Hostname: page-component-8448b6f56d-m8qmq Total loading time: 0 Render date: 2024-04-24T23:16:30.926Z Has data issue: false hasContentIssue false

Choreoathetosis and Infracortical Nervous Mechanisms

Published online by Cambridge University Press:  08 February 2018

W. F. Menzies*
Affiliation:
Late Medical Superintendent, Cheddleton Hospital, Staffordshire

Extract

During the last twenty-five years it has come to be recognized that a fairly large amount of mental deficiency appears to coincide with or result from faulty intracranial myelination. In some such children little or no post-natal development occurs, in others recession is already occurring at birth; a few remain fairly normal for some years. Spastic contractures, especially of the legs, grow progressively worse, epilepsy may appear, the child goes steadily downhill and early death is the usual termination. In some cases choreoathetosis is present, and this may either, if the patient lives long enough, disappear spontaneously, or, more usually, become impossible when the spastic contractures have immobilized the extremities. Post-mortem one finds one of two conditions—demyelination of the brain (the status dysmyelinatus of Hallervorden-Spatz) or hypermyelination (the status marmoratus of the Vogts). In both forms there is much hypergliosis, evidently secondary to some irritating but slow myelin poison which finally produces anoxia. Clinically during life both varieties appear much the same, and that is all that is known about its nature at present. Cases were recorded by the Vogts in 1920, Hallervorden and Spatz in 1922, Kalinowski in 1927, Helfand in 1931, Spatz and Peters in 1938; in this country by Meyer and Cook in 1936, Meyer and Earl in 1936. By these authors the views of others are summarized—Bielschowski, Loewenberg and Malamud, Urechia and Michalescu, Bouché and Van Bogaert, Casper, Ammosow, Bostroem, Bodechtel and Guttmann. If epilepsy has been present, it generally disappears after some years.
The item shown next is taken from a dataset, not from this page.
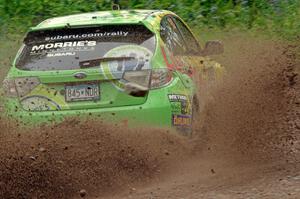 Lauchlin O'Sullivan / Scott Putnam Subaru WRX STi through a sharp left on SS3, Steamboat I.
By no means all cases end up as helpless idiots; some learn to attend to their own wants, but few ever walk freely.

Type
Part II.—Original Articles
Copyright
Copyright © Royal College of Psychiatrists, 1939 

Access options

Get access to the full version of this content by using one of the access options below. (Log in options will check for institutional or personal access. Content may require purchase if you do not have access.)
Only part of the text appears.